Task brief ->
Range to output from the entries below: the line containing "Ham Community Men's Premium Polo" through the line containing "Imagem de Blocos". Set it down exactly, ends included, nothing else.

Records shown ->
◆ ◆ ◆ ◆ ◆

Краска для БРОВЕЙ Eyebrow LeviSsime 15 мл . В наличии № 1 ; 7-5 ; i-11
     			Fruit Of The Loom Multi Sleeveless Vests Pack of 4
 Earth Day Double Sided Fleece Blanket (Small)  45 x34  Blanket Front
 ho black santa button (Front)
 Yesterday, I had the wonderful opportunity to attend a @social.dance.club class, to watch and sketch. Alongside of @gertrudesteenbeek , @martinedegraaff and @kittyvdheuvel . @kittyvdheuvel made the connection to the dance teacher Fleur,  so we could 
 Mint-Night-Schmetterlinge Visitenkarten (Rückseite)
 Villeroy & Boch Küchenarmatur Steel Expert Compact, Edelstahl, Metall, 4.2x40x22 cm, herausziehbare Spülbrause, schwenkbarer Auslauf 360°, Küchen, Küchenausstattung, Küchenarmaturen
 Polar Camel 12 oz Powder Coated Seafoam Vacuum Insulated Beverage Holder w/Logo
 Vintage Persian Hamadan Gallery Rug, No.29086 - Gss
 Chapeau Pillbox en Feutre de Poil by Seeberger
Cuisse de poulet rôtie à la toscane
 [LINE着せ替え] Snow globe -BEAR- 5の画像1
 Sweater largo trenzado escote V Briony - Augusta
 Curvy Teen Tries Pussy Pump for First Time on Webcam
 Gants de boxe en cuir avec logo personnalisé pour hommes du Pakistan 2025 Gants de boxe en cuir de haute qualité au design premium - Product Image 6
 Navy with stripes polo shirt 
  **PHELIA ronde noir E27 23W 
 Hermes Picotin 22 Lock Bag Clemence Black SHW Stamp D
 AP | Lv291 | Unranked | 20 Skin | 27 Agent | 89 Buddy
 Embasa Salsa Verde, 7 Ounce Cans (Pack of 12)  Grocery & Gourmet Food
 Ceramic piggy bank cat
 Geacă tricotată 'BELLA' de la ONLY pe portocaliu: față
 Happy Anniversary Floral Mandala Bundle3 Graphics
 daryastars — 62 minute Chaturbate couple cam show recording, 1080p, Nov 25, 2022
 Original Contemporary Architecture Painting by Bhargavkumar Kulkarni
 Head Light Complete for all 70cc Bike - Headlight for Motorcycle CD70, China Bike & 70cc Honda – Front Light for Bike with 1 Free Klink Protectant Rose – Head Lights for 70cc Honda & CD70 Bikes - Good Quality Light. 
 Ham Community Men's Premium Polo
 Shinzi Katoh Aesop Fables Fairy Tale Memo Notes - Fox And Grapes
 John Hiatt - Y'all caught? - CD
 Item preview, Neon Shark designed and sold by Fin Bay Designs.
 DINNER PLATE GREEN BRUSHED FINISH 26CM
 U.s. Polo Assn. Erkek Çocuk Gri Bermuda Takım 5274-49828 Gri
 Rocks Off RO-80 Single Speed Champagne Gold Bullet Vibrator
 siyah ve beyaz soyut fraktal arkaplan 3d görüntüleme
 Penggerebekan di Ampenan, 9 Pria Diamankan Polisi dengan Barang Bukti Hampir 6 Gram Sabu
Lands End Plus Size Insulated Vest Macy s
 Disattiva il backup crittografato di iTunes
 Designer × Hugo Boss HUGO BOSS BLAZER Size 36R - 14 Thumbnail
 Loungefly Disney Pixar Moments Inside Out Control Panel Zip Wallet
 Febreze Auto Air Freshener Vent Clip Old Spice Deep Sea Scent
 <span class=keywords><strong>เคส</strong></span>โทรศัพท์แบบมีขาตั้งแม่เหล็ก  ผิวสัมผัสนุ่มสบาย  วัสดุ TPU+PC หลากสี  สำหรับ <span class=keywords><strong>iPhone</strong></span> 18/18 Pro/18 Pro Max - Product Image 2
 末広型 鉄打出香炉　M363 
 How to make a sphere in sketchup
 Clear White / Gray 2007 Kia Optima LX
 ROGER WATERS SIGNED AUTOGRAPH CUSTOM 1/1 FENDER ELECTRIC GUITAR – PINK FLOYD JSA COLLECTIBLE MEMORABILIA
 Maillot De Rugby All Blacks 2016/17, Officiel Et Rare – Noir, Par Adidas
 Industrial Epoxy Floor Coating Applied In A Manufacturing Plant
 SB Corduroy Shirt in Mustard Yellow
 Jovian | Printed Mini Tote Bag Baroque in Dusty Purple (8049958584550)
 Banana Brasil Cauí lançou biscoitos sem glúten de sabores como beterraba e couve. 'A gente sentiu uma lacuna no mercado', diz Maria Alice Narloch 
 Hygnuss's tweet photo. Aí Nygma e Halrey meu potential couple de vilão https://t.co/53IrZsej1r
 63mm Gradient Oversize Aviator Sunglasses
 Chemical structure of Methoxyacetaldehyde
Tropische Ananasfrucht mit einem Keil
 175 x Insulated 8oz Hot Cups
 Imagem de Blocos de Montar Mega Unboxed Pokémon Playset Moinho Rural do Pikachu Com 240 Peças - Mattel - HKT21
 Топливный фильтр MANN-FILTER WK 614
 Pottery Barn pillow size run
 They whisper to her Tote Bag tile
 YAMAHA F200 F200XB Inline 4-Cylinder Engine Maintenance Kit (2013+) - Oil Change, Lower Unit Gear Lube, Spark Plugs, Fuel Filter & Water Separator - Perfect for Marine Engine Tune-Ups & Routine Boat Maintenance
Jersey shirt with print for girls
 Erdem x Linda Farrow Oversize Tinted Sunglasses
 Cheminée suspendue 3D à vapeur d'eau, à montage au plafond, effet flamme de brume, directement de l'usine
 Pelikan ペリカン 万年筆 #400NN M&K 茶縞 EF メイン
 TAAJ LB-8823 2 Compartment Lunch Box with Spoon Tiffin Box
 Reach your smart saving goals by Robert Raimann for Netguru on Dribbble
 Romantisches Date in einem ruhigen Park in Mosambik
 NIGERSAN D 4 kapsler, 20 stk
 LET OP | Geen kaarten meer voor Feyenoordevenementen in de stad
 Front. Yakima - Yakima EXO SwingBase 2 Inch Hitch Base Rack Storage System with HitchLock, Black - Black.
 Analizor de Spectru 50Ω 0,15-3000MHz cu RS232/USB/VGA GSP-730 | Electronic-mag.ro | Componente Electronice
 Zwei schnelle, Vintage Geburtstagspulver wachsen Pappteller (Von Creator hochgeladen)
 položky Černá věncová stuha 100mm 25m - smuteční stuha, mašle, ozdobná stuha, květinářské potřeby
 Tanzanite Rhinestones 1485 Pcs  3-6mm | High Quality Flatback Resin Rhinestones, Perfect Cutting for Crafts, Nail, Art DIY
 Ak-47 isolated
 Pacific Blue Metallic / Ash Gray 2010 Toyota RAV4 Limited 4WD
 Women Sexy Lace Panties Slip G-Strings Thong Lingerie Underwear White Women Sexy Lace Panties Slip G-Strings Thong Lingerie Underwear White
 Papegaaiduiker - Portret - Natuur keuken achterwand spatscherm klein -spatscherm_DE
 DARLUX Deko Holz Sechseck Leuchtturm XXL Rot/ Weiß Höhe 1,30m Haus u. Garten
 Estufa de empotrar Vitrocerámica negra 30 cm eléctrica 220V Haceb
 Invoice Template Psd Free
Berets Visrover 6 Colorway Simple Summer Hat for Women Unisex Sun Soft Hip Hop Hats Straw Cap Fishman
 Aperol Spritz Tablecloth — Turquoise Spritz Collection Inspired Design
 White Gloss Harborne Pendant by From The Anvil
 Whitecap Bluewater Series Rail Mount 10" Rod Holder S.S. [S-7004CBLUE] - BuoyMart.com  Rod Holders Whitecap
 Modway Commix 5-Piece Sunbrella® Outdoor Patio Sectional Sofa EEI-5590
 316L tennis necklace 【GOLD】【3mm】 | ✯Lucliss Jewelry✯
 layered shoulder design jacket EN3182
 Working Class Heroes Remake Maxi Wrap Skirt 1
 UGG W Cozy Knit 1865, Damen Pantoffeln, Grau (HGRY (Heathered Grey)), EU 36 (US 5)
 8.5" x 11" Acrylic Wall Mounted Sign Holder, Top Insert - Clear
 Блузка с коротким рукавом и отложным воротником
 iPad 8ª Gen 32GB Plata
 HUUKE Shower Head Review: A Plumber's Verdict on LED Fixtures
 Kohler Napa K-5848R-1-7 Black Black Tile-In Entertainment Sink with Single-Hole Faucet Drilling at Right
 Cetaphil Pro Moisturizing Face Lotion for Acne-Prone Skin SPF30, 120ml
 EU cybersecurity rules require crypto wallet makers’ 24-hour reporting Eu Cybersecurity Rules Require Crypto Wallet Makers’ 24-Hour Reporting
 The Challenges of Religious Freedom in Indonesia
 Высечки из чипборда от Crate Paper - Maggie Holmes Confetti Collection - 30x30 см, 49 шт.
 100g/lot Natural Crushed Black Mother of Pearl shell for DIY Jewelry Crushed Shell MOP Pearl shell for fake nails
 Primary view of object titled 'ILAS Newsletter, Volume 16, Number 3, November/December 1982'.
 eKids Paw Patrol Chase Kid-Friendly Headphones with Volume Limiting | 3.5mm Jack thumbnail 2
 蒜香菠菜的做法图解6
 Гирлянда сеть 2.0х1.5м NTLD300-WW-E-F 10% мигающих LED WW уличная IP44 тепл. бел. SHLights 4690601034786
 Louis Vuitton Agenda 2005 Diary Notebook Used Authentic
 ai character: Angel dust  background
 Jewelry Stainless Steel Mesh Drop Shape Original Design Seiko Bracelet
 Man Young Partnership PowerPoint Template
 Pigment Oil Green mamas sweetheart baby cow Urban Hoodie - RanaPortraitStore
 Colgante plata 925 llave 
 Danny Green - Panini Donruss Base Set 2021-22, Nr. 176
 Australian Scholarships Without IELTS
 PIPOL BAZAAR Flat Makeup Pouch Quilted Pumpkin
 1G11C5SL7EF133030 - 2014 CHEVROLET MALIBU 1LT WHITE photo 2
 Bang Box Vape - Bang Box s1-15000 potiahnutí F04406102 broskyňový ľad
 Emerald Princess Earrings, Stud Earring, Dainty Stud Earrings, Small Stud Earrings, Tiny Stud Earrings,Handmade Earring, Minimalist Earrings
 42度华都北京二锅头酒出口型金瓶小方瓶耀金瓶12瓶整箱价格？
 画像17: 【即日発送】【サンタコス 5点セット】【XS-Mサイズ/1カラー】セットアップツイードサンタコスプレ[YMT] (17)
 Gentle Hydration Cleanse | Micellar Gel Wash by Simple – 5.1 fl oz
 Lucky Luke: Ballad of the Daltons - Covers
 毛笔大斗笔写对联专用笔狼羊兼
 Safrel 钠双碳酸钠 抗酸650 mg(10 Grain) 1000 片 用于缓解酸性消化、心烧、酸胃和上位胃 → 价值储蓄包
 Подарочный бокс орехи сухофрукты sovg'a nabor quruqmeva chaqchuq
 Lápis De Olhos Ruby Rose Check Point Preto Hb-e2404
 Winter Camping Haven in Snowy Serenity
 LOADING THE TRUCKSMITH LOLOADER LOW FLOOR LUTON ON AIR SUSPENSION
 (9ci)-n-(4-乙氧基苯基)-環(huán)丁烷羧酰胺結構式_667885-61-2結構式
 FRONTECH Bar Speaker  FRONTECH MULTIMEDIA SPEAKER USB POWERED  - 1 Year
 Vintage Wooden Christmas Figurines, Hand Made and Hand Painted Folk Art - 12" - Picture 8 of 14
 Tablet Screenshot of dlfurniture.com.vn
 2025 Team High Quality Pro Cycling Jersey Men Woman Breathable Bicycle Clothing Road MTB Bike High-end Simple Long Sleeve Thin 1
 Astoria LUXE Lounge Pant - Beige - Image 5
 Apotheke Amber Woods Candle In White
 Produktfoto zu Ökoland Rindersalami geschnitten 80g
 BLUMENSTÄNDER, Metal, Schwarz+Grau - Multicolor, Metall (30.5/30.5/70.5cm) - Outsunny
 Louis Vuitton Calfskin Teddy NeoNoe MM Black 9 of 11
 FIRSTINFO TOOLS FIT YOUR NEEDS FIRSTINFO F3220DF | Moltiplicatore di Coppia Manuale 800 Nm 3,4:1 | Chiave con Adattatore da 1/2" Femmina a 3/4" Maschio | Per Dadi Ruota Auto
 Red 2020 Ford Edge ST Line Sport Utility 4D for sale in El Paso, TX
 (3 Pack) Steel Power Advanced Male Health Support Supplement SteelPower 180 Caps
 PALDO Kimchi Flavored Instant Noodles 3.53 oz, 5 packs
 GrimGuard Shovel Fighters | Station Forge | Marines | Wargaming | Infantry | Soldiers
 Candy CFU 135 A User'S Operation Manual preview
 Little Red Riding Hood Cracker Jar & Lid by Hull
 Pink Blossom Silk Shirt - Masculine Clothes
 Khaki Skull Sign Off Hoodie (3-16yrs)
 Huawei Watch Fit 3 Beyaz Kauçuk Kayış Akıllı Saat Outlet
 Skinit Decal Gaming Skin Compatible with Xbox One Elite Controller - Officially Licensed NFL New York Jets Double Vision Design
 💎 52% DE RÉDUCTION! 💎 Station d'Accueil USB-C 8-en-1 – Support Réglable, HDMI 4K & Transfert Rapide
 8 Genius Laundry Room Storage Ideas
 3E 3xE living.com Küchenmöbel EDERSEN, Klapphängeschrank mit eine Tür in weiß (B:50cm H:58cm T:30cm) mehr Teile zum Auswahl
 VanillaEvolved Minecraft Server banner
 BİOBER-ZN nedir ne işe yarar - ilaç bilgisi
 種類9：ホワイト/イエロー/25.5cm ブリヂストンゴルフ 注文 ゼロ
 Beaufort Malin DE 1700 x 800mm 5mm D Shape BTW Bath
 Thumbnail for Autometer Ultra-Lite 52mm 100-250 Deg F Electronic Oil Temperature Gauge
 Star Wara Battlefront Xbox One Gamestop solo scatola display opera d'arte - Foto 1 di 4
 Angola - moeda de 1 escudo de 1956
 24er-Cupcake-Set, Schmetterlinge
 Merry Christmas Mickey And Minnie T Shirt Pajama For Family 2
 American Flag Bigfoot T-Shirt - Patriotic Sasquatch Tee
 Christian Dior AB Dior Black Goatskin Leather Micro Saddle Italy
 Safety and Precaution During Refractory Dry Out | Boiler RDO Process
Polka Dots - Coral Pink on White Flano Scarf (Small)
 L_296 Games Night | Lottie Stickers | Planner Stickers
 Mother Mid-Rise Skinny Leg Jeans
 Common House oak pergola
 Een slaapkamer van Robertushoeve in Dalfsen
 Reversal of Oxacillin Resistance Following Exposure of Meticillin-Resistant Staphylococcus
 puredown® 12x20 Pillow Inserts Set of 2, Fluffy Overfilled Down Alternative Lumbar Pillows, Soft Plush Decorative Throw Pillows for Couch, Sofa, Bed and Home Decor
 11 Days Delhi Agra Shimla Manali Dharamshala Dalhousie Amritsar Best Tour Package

◆ ◆ ◆ ◆ ◆

Result of this task ->
 Ham Community Men's Premium Polo
 Shinzi Katoh Aesop Fables Fairy Tale Memo Notes - Fox And Grapes
 John Hiatt - Y'all caught? - CD
 Item preview, Neon Shark designed and sold by Fin Bay Designs.
 DINNER PLATE GREEN BRUSHED FINISH 26CM
 U.s. Polo Assn. Erkek Çocuk Gri Bermuda Takım 5274-49828 Gri
 Rocks Off RO-80 Single Speed Champagne Gold Bullet Vibrator
 siyah ve beyaz soyut fraktal arkaplan 3d görüntüleme
 Penggerebekan di Ampenan, 9 Pria Diamankan Polisi dengan Barang Bukti Hampir 6 Gram Sabu
Lands End Plus Size Insulated Vest Macy s
 Disattiva il backup crittografato di iTunes
 Designer × Hugo Boss HUGO BOSS BLAZER Size 36R - 14 Thumbnail
 Loungefly Disney Pixar Moments Inside Out Control Panel Zip Wallet
 Febreze Auto Air Freshener Vent Clip Old Spice Deep Sea Scent
 <span class=keywords><strong>เคส</strong></span>โทรศัพท์แบบมีขาตั้งแม่เหล็ก  ผิวสัมผัสนุ่มสบาย  วัสดุ TPU+PC หลากสี  สำหรับ <span class=keywords><strong>iPhone</strong></span> 18/18 Pro/18 Pro Max - Product Image 2
 末広型 鉄打出香炉　M363 
 How to make a sphere in sketchup
 Clear White / Gray 2007 Kia Optima LX
 ROGER WATERS SIGNED AUTOGRAPH CUSTOM 1/1 FENDER ELECTRIC GUITAR – PINK FLOYD JSA COLLECTIBLE MEMORABILIA
 Maillot De Rugby All Blacks 2016/17, Officiel Et Rare – Noir, Par Adidas
 Industrial Epoxy Floor Coating Applied In A Manufacturing Plant
 SB Corduroy Shirt in Mustard Yellow
 Jovian | Printed Mini Tote Bag Baroque in Dusty Purple (8049958584550)
 Banana Brasil Cauí lançou biscoitos sem glúten de sabores como beterraba e couve. 'A gente sentiu uma lacuna no mercado', diz Maria Alice Narloch 
 Hygnuss's tweet photo. Aí Nygma e Halrey meu potential couple de vilão https://t.co/53IrZsej1r
 63mm Gradient Oversize Aviator Sunglasses
 Chemical structure of Methoxyacetaldehyde
Tropische Ananasfrucht mit einem Keil
 175 x Insulated 8oz Hot Cups
 Imagem de Blocos de Montar Mega Unboxed Pokémon Playset Moinho Rural do Pikachu Com 240 Peças - Mattel - HKT21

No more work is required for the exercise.